祐巳としても何とかしたいのは山々だが、今更「いやー、噛んじゃった。てへへ」と自分で誤魔化すには遅過ぎる。この痛いほどの静寂の中で、そんな事を言える勇者がいるのなら見てみたい。そんな事は、いくら空気を読まない祐巳でも無理だ。
更に一分が経ち、皆から向けられる非難の視線に耐え切れず、遂に祐巳の涙腺が崩壊しそうになったその時、祥子さまがパンッと手を叩いて皆の気を引いた。
(お姉さまっ!)
この瞬間、祐巳には祥子さまが女神に見えた。彼女は、哀れな祐巳に神が与え給うた、祐巳だけの女神だったのだ。
あなたの犯した全ての罪を赦します、と言わんばかりの優しい微笑を浮かべた祥子さまは、ただただ真っ直ぐに祐巳を見つめてきた。
「私も祐巳の事、大好きにょ」
「……」
どうやら彼女は女神などではなく、悪魔だったらしい。祥子さまの言葉の後に、皆が皆、揃いも揃って、これ以上ないくらいの笑顔で続く。
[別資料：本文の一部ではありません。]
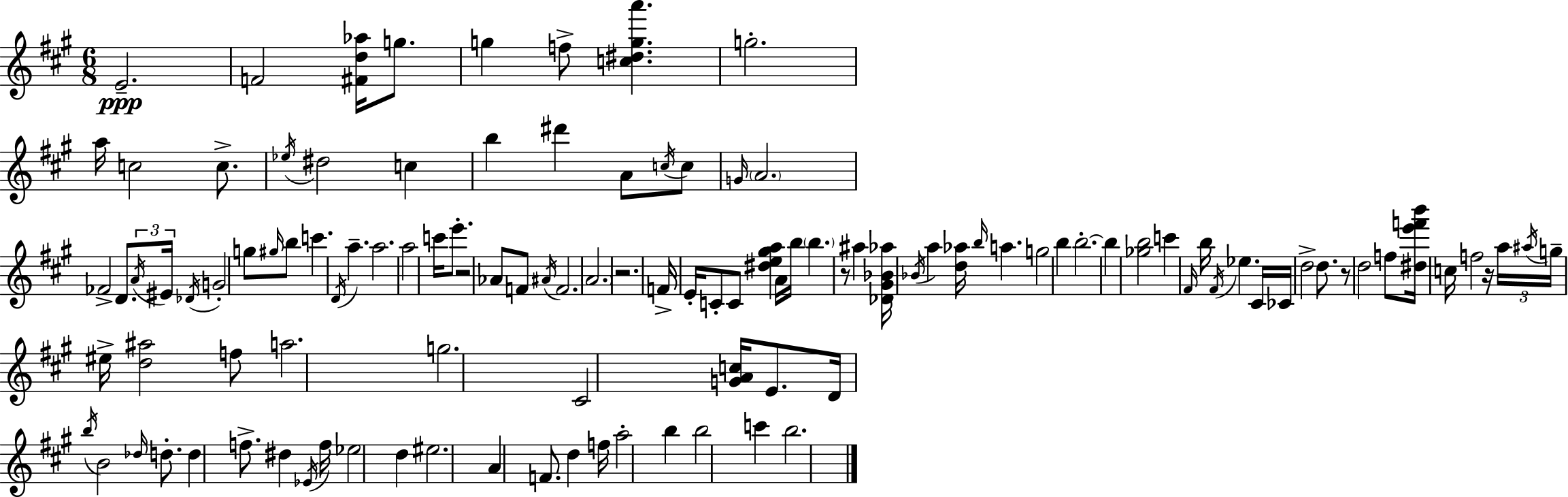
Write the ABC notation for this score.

X:1
T:Untitled
M:6/8
L:1/4
K:A
E2 F2 [^Fd_a]/4 g/2 g f/2 [c^dga'] g2 a/4 c2 c/2 _e/4 ^d2 c b ^d' A/2 c/4 c/2 G/4 A2 _F2 D/2 A/4 ^E/4 _D/4 G2 g/2 ^g/4 b/2 c' D/4 a a2 a2 c'/4 e'/2 z2 _A/2 F/2 ^A/4 F2 A2 z2 F/4 E/4 C/2 C/2 [^de^ga] A/4 b/4 b z/2 ^a [_D^G_B_a]/4 _B/4 a [d_a]/4 b/4 a g2 b b2 b [_gb]2 c' ^F/4 b/4 ^F/4 _e ^C/4 _C/4 d2 d/2 z/2 d2 f/2 [^de'f'b']/4 c/4 f2 z/4 a/4 ^a/4 g/4 ^e/4 [d^a]2 f/2 a2 g2 ^C2 [GAc]/4 E/2 D/4 b/4 B2 _d/4 d/2 d f/2 ^d _E/4 f/4 _e2 d ^e2 A F/2 d f/4 a2 b b2 c' b2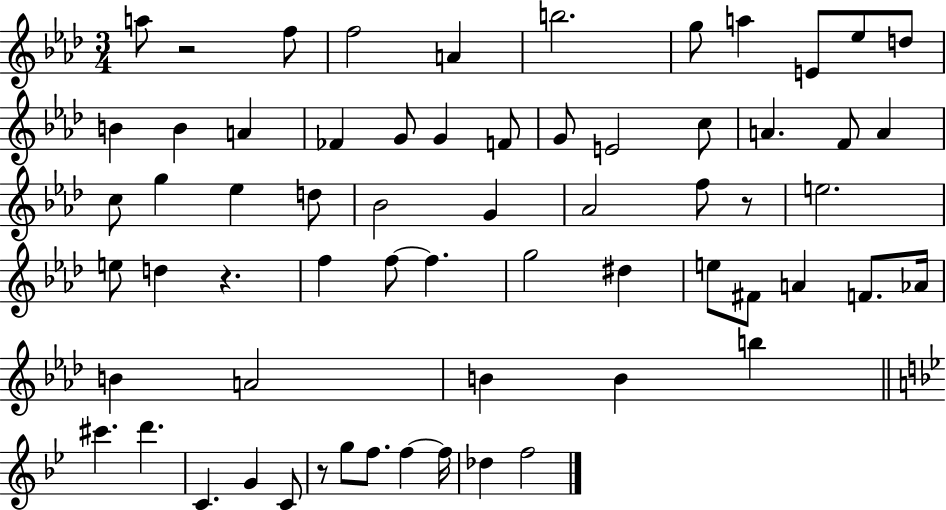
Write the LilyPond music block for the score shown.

{
  \clef treble
  \numericTimeSignature
  \time 3/4
  \key aes \major
  a''8 r2 f''8 | f''2 a'4 | b''2. | g''8 a''4 e'8 ees''8 d''8 | \break b'4 b'4 a'4 | fes'4 g'8 g'4 f'8 | g'8 e'2 c''8 | a'4. f'8 a'4 | \break c''8 g''4 ees''4 d''8 | bes'2 g'4 | aes'2 f''8 r8 | e''2. | \break e''8 d''4 r4. | f''4 f''8~~ f''4. | g''2 dis''4 | e''8 fis'8 a'4 f'8. aes'16 | \break b'4 a'2 | b'4 b'4 b''4 | \bar "||" \break \key bes \major cis'''4. d'''4. | c'4. g'4 c'8 | r8 g''8 f''8. f''4~~ f''16 | des''4 f''2 | \break \bar "|."
}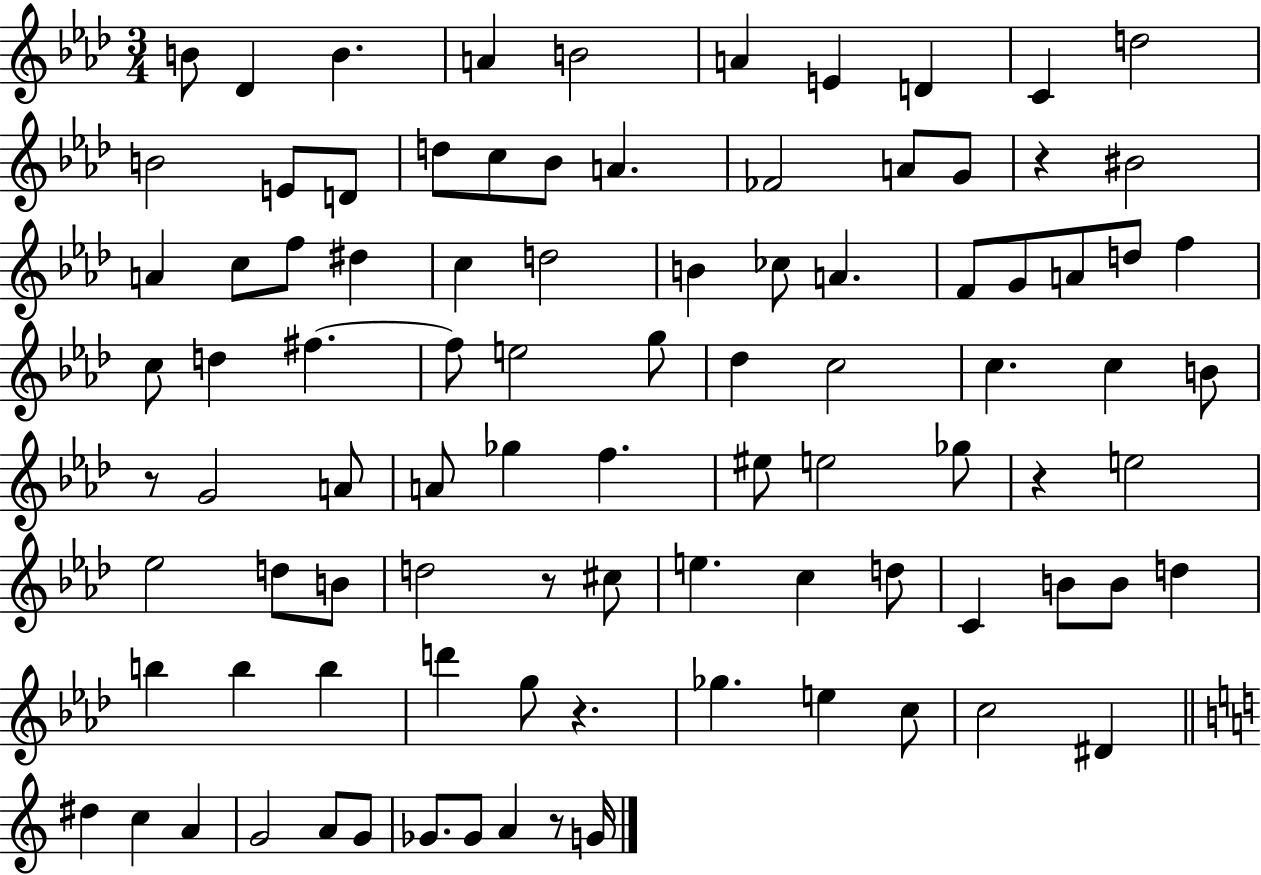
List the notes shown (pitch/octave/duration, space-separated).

B4/e Db4/q B4/q. A4/q B4/h A4/q E4/q D4/q C4/q D5/h B4/h E4/e D4/e D5/e C5/e Bb4/e A4/q. FES4/h A4/e G4/e R/q BIS4/h A4/q C5/e F5/e D#5/q C5/q D5/h B4/q CES5/e A4/q. F4/e G4/e A4/e D5/e F5/q C5/e D5/q F#5/q. F#5/e E5/h G5/e Db5/q C5/h C5/q. C5/q B4/e R/e G4/h A4/e A4/e Gb5/q F5/q. EIS5/e E5/h Gb5/e R/q E5/h Eb5/h D5/e B4/e D5/h R/e C#5/e E5/q. C5/q D5/e C4/q B4/e B4/e D5/q B5/q B5/q B5/q D6/q G5/e R/q. Gb5/q. E5/q C5/e C5/h D#4/q D#5/q C5/q A4/q G4/h A4/e G4/e Gb4/e. Gb4/e A4/q R/e G4/s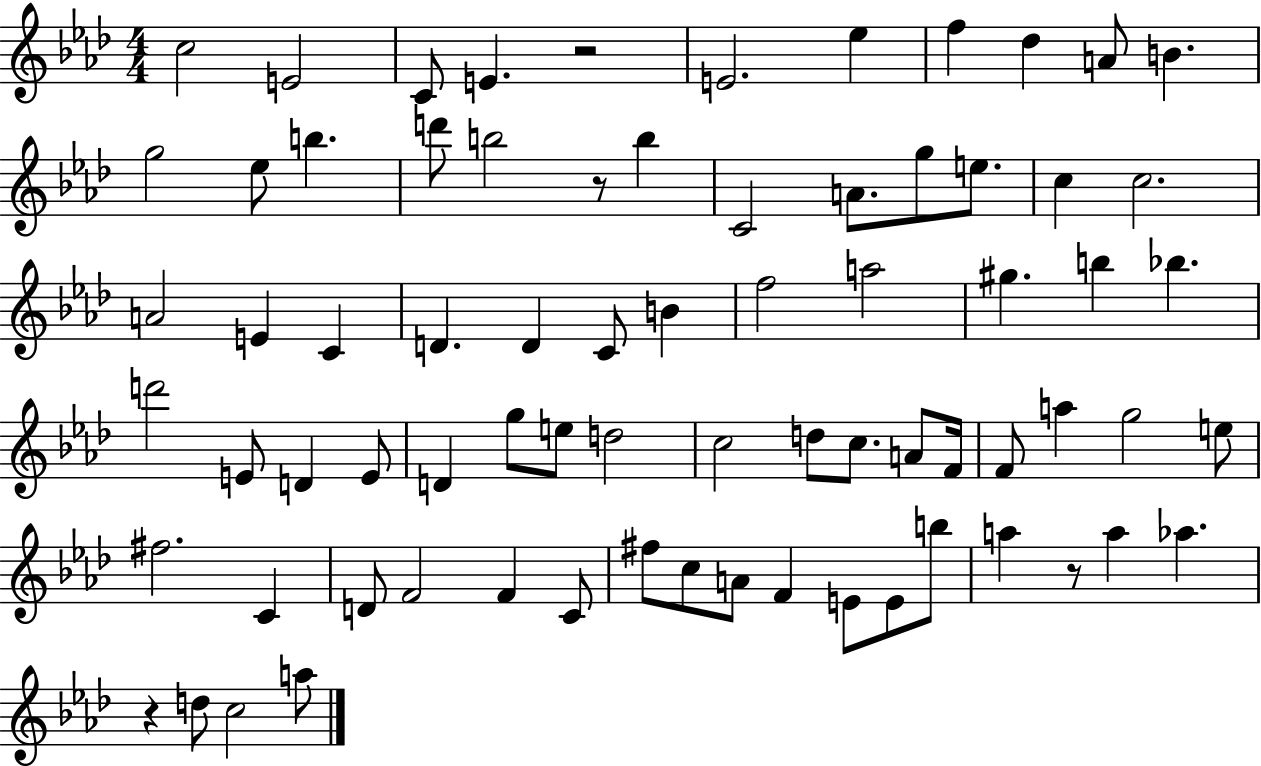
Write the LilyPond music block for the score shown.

{
  \clef treble
  \numericTimeSignature
  \time 4/4
  \key aes \major
  c''2 e'2 | c'8 e'4. r2 | e'2. ees''4 | f''4 des''4 a'8 b'4. | \break g''2 ees''8 b''4. | d'''8 b''2 r8 b''4 | c'2 a'8. g''8 e''8. | c''4 c''2. | \break a'2 e'4 c'4 | d'4. d'4 c'8 b'4 | f''2 a''2 | gis''4. b''4 bes''4. | \break d'''2 e'8 d'4 e'8 | d'4 g''8 e''8 d''2 | c''2 d''8 c''8. a'8 f'16 | f'8 a''4 g''2 e''8 | \break fis''2. c'4 | d'8 f'2 f'4 c'8 | fis''8 c''8 a'8 f'4 e'8 e'8 b''8 | a''4 r8 a''4 aes''4. | \break r4 d''8 c''2 a''8 | \bar "|."
}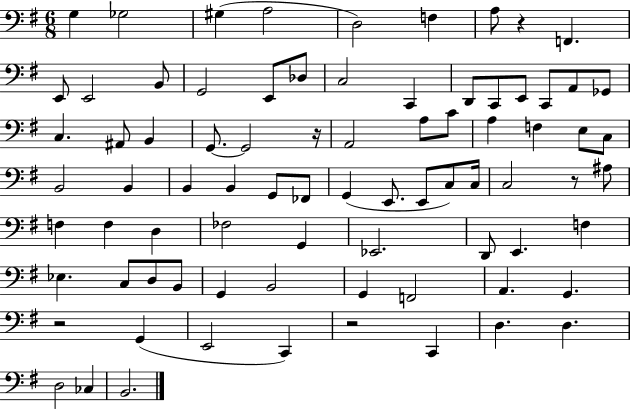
{
  \clef bass
  \numericTimeSignature
  \time 6/8
  \key g \major
  g4 ges2 | gis4( a2 | d2) f4 | a8 r4 f,4. | \break e,8 e,2 b,8 | g,2 e,8 des8 | c2 c,4 | d,8 c,8 e,8 c,8 a,8 ges,8 | \break c4. ais,8 b,4 | g,8.~~ g,2 r16 | a,2 a8 c'8 | a4 f4 e8 c8 | \break b,2 b,4 | b,4 b,4 g,8 fes,8 | g,4( e,8. e,8 c8) c16 | c2 r8 ais8 | \break f4 f4 d4 | fes2 g,4 | ees,2. | d,8 e,4. f4 | \break ees4. c8 d8 b,8 | g,4 b,2 | g,4 f,2 | a,4. g,4. | \break r2 g,4( | e,2 c,4) | r2 c,4 | d4. d4. | \break d2 ces4 | b,2. | \bar "|."
}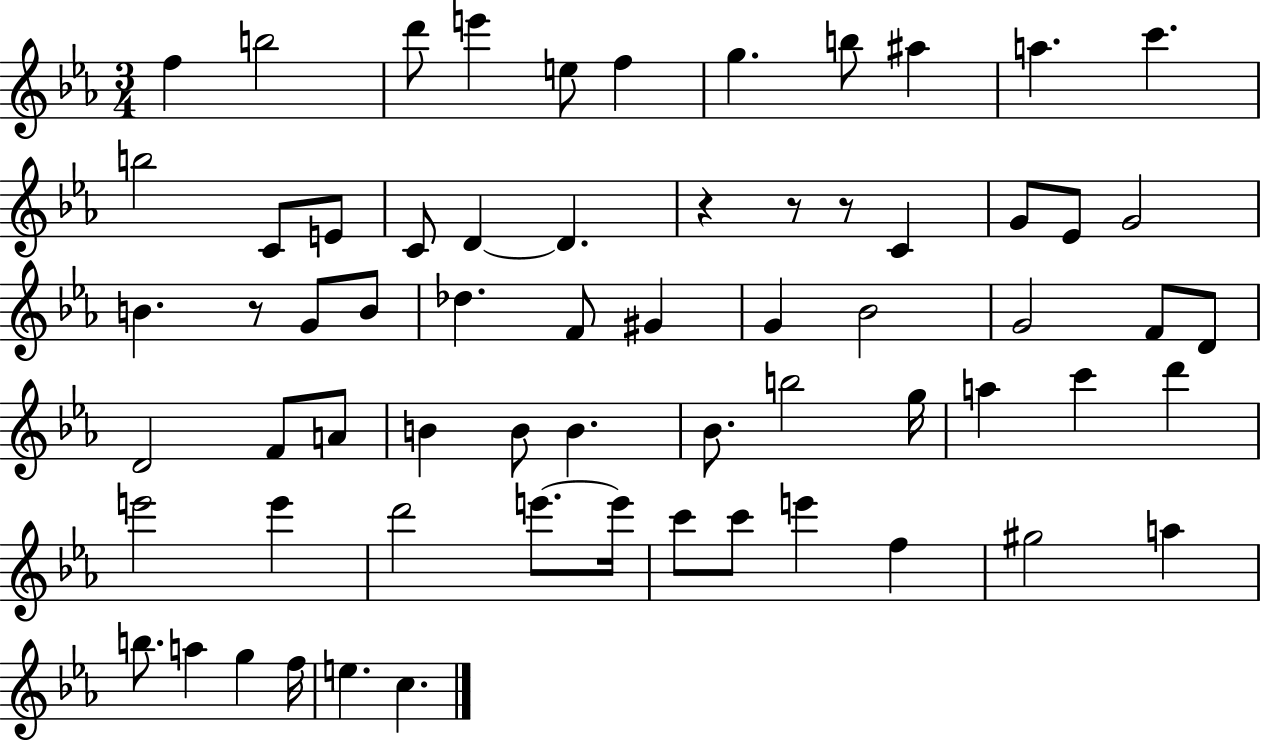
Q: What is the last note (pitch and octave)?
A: C5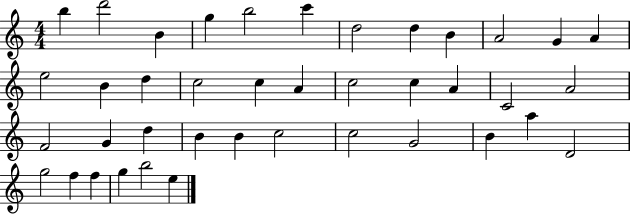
X:1
T:Untitled
M:4/4
L:1/4
K:C
b d'2 B g b2 c' d2 d B A2 G A e2 B d c2 c A c2 c A C2 A2 F2 G d B B c2 c2 G2 B a D2 g2 f f g b2 e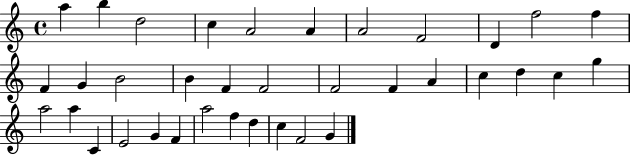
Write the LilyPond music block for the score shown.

{
  \clef treble
  \time 4/4
  \defaultTimeSignature
  \key c \major
  a''4 b''4 d''2 | c''4 a'2 a'4 | a'2 f'2 | d'4 f''2 f''4 | \break f'4 g'4 b'2 | b'4 f'4 f'2 | f'2 f'4 a'4 | c''4 d''4 c''4 g''4 | \break a''2 a''4 c'4 | e'2 g'4 f'4 | a''2 f''4 d''4 | c''4 f'2 g'4 | \break \bar "|."
}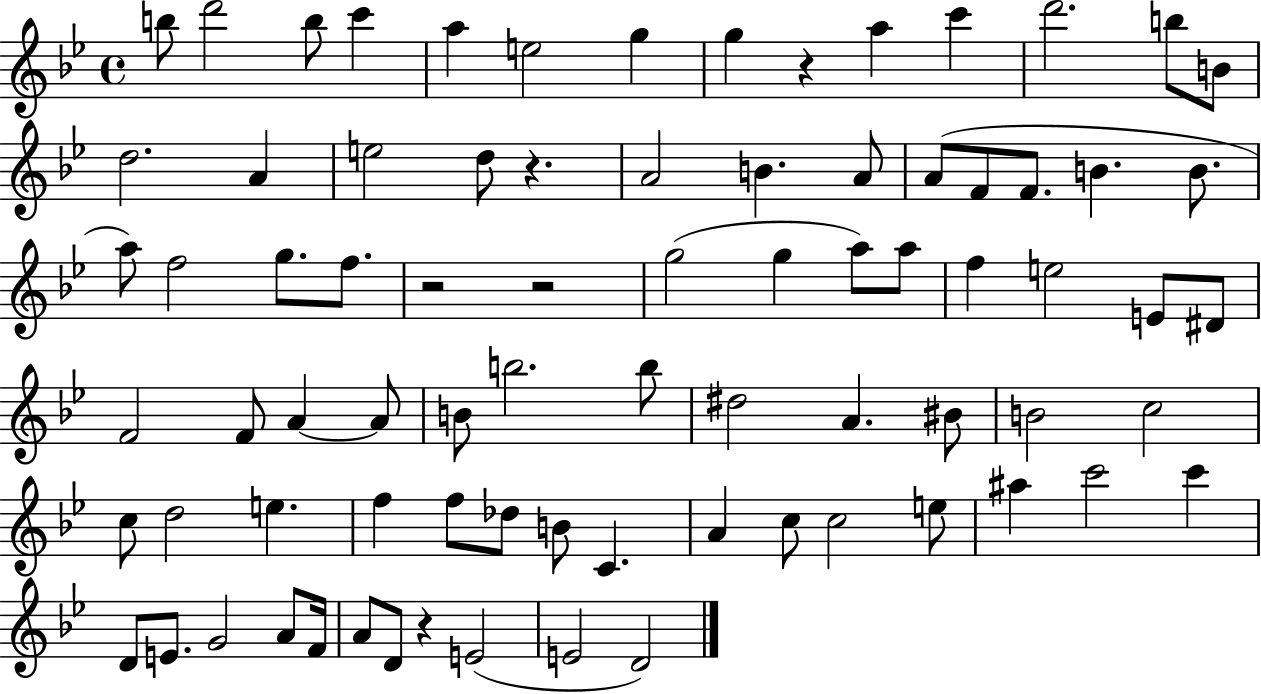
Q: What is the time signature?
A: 4/4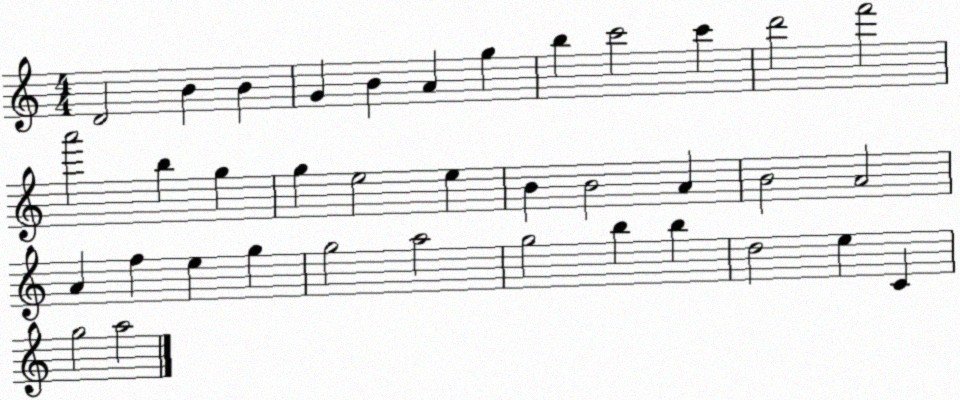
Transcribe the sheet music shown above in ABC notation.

X:1
T:Untitled
M:4/4
L:1/4
K:C
D2 B B G B A g b c'2 c' d'2 f'2 a'2 b g g e2 e B B2 A B2 A2 A f e g g2 a2 g2 b b d2 e C g2 a2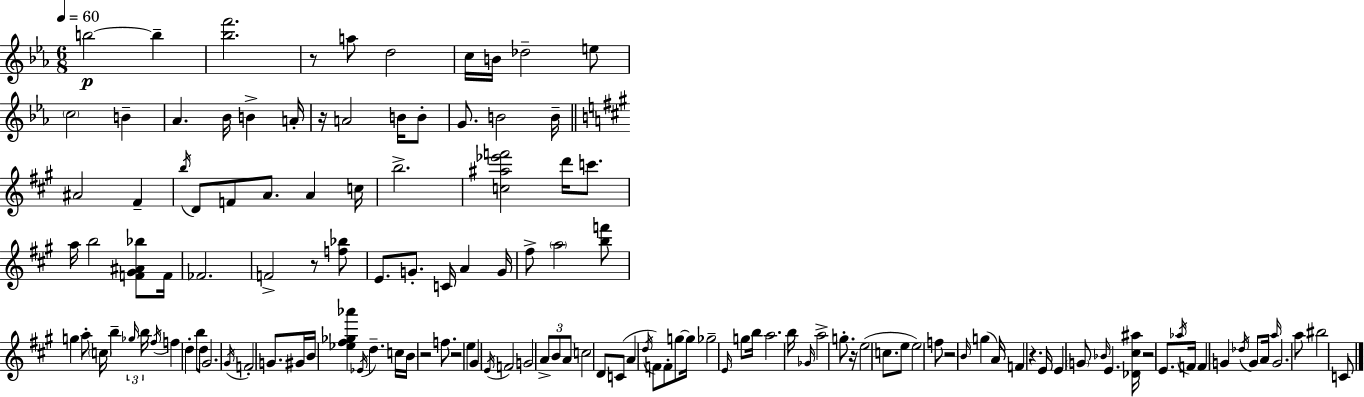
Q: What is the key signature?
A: EES major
「前にも言ったけれど、子供の頃からずっと祐巳ちゃんの事大好きにょ」
「愛されているわね祐巳ちゃん。勿論、私も大好きにょ」
「私も祐巳さまの事、嫌いではありませんわにょ」
何この示し合わせていたかのような連携攻撃……苛め?
「やるわね祐巳さん。まさか、ここで噛むとは。普通やれないわにょ」
「そんな事言ったらかわいそうだって由乃」
そういう令さまも、由乃さんに負けないくらい笑っている。
「乃梨子の事、大好きにょ」
「わ、わ、私だって志摩子さんの事、大す、す、す――――ぶはっ」
いつもいつもいったい何を想像しているのか、興奮し過ぎた乃梨子ちゃんが志摩子さんに想いを伝える前にまた鼻血を噴いて倒れる。
その瞬間、祐巳の硬直が解けた。
「いっ……いやぁぁぁ――――っ! なななな何でこんな大切な所で噛んじゃうのよ――――っ!?!?」
ほんのちょっぴりの涙と、馬鹿みたいにたくさんの笑顔が溢れる薔薇の館に、今日も元気良く祐巳の悲鳴が響き渡るのだった。
ま、まあ、ほら、あれだ。からかわれるって事は、愛されているっていう証拠なのだ。は……ははは……はは…………えーん。